An exact transcription of all the records below is required, without any images.
/---
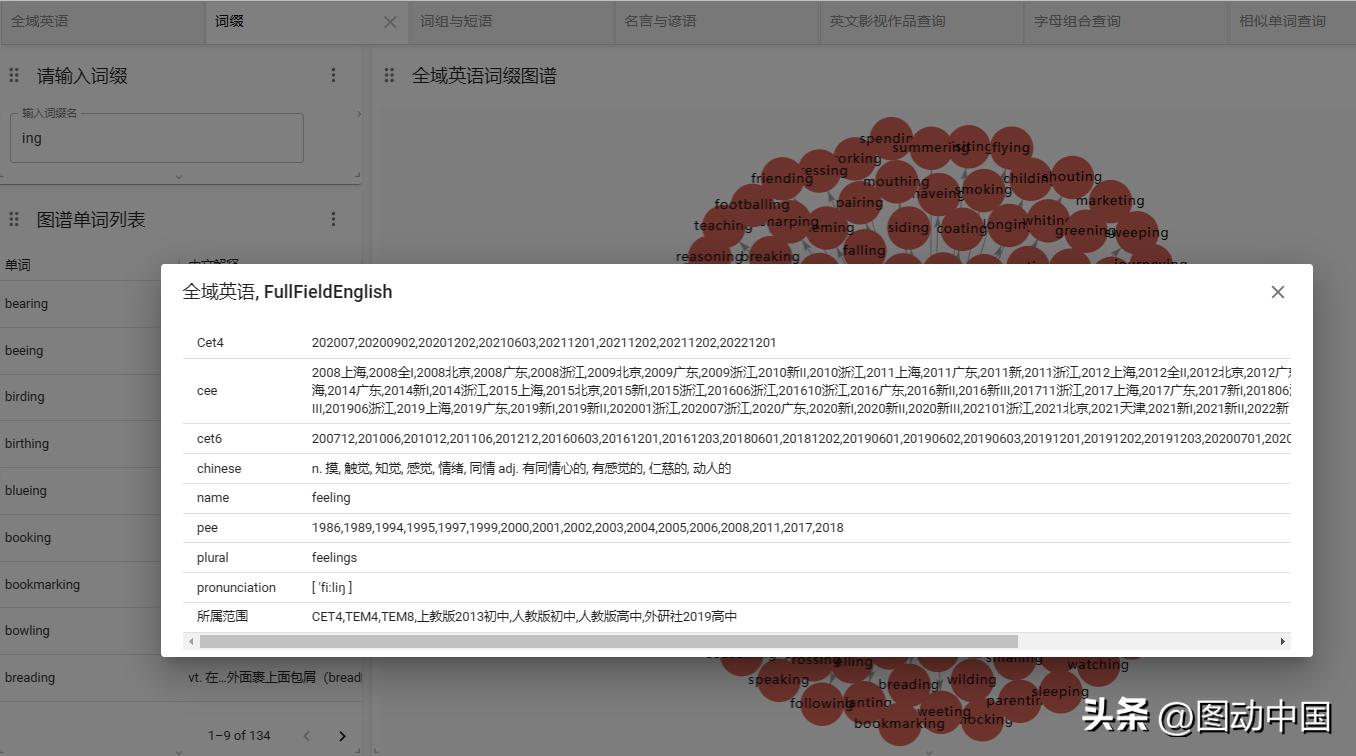 词根词缀全部掌握词汇量,词缀速记3500单词书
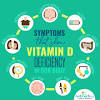 Feb 09, 2021 · vitamin d supplements are used to treat adults with severe vitamin d deficiency, resulting in loss of bone mineral content, bone pain, muscle weakness and soft bones (osteomalacia). Https Encrypted Tbn0 Gstatic Com Images Q Tbn And9gcsje5t7pjoqpuflyhdtv3eo7uzdmx 5joh2gjktr9vsgi46zkc Usqp Cau
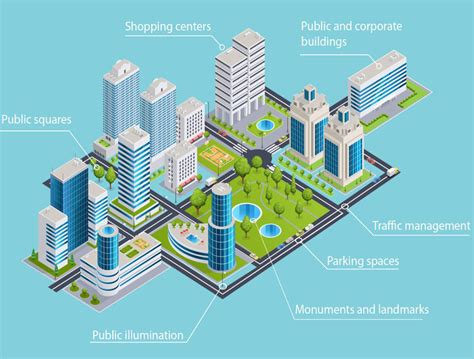 Renesas Irida Labs Vision Ai Sensor For Smart Cities Spaces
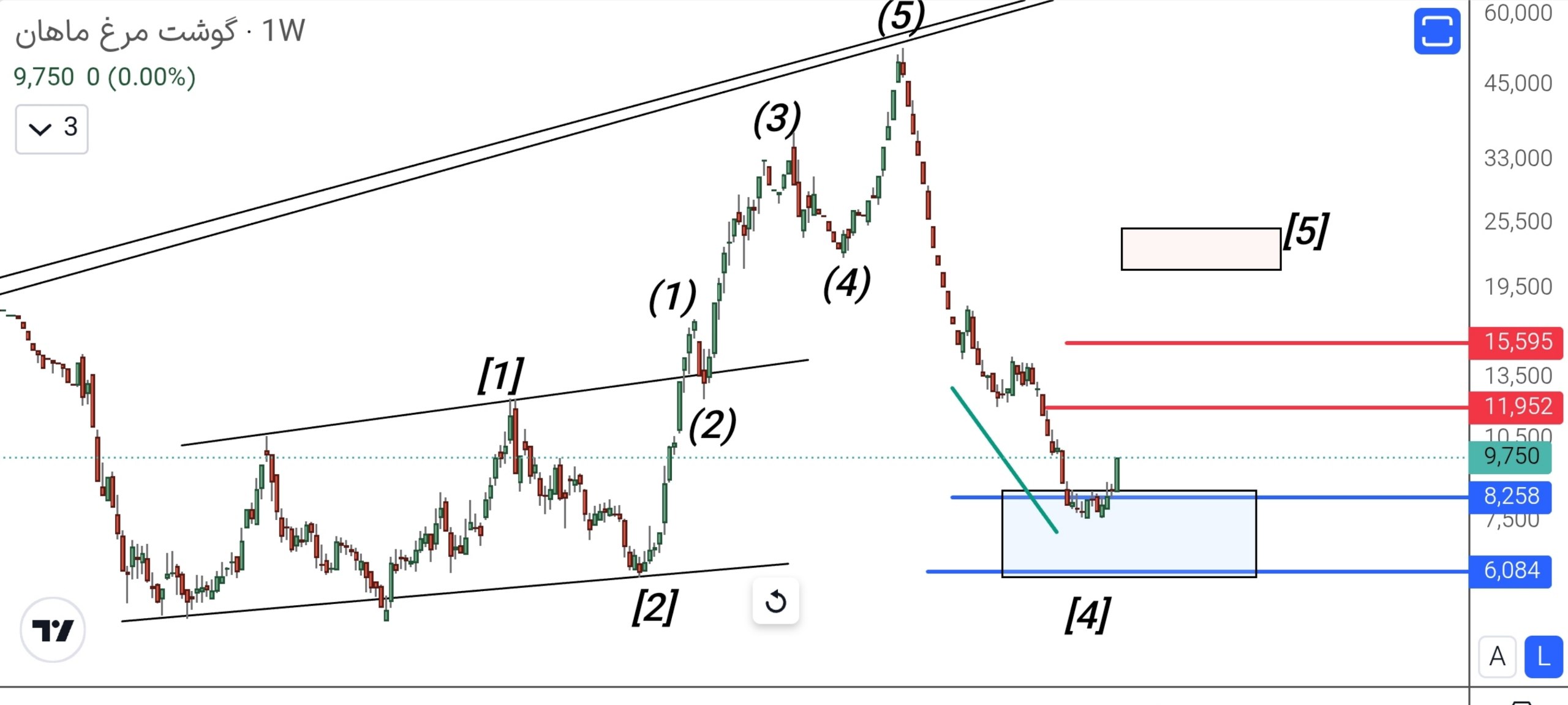 analysis_chart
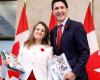 Justin Trudeau : un populiste fiscal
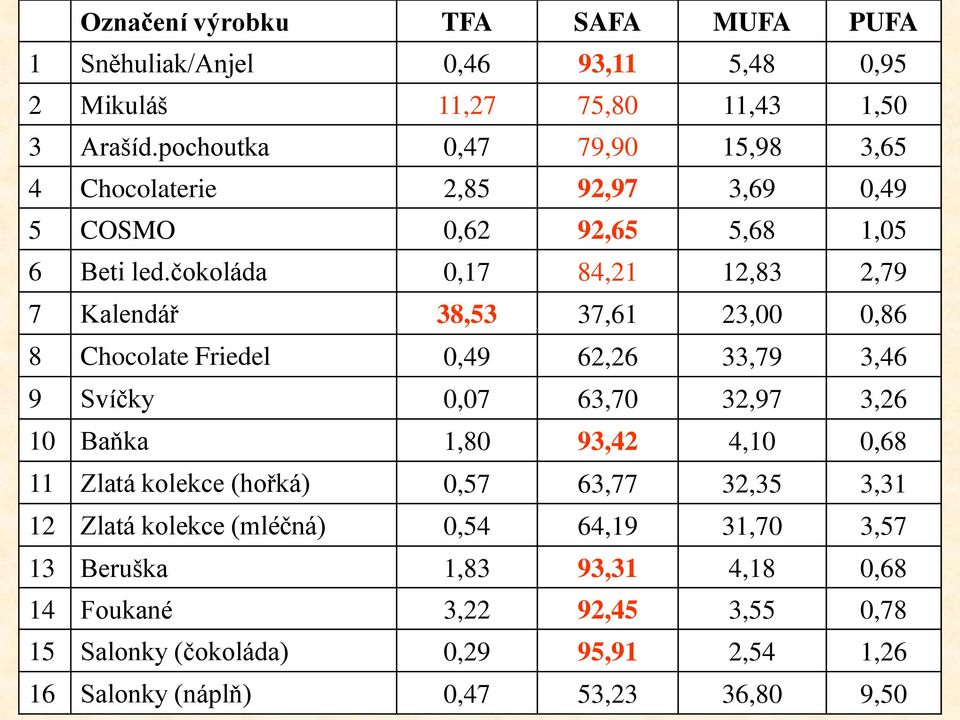 čokoláda 0,17 84,21 12,83 2,79 7 Kalendář 38,53 37,61 23,00 0,86 8 Chocolate Friedel 0,49 62,26 33,79 3,46 9 Svíčky 0,07 63,70 32,97 3,26 10 Baňka 1,80 93,42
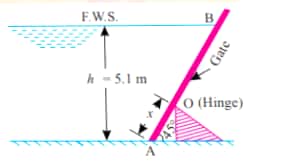 A gate supporting water takes the form of an inclined shield which swings around a hinged axis O as shown in figure.Determine: \r\n\r\n<ul>\r\n\r\n<li>The position x of the hinge at which a water level of h = 5.1 m on the left would cause the gate to tip over the hinge. </li>\r\n\r\n<li>The magnitude of hydrostatic free on the gate just before it opens (tips about the hinge) automatically </li></ul>\r\nNeglect the frictional effects.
\---
Response to this task:
 词根词缀全部掌握词汇量,词缀速记3500单词书
 Feb 09, 2021 · vitamin d supplements are used to treat adults with severe vitamin d deficiency, resulting in loss of bone mineral content, bone pain, muscle weakness and soft bones (osteomalacia). Https Encrypted Tbn0 Gstatic Com Images Q Tbn And9gcsje5t7pjoqpuflyhdtv3eo7uzdmx 5joh2gjktr9vsgi46zkc Usqp Cau
 Renesas Irida Labs Vision Ai Sensor For Smart Cities Spaces
 analysis_chart
 Justin Trudeau : un populiste fiscal
 čokoláda 0,17 84,21 12,83 2,79 7 Kalendář 38,53 37,61 23,00 0,86 8 Chocolate Friedel 0,49 62,26 33,79 3,46 9 Svíčky 0,07 63,70 32,97 3,26 10 Baňka 1,80 93,42
 A gate supporting water takes the form of an inclined shield which swings around a hinged axis O as shown in figure.Determine: \r\n\r\n<ul>\r\n\r\n<li>The position x of the hinge at which a water level of h = 5.1 m on the left would cause the gate to tip over the hinge. </li>\r\n\r\n<li>The magnitude of hydrostatic free on the gate just before it opens (tips about the hinge) automatically </li></ul>\r\nNeglect the frictional effects.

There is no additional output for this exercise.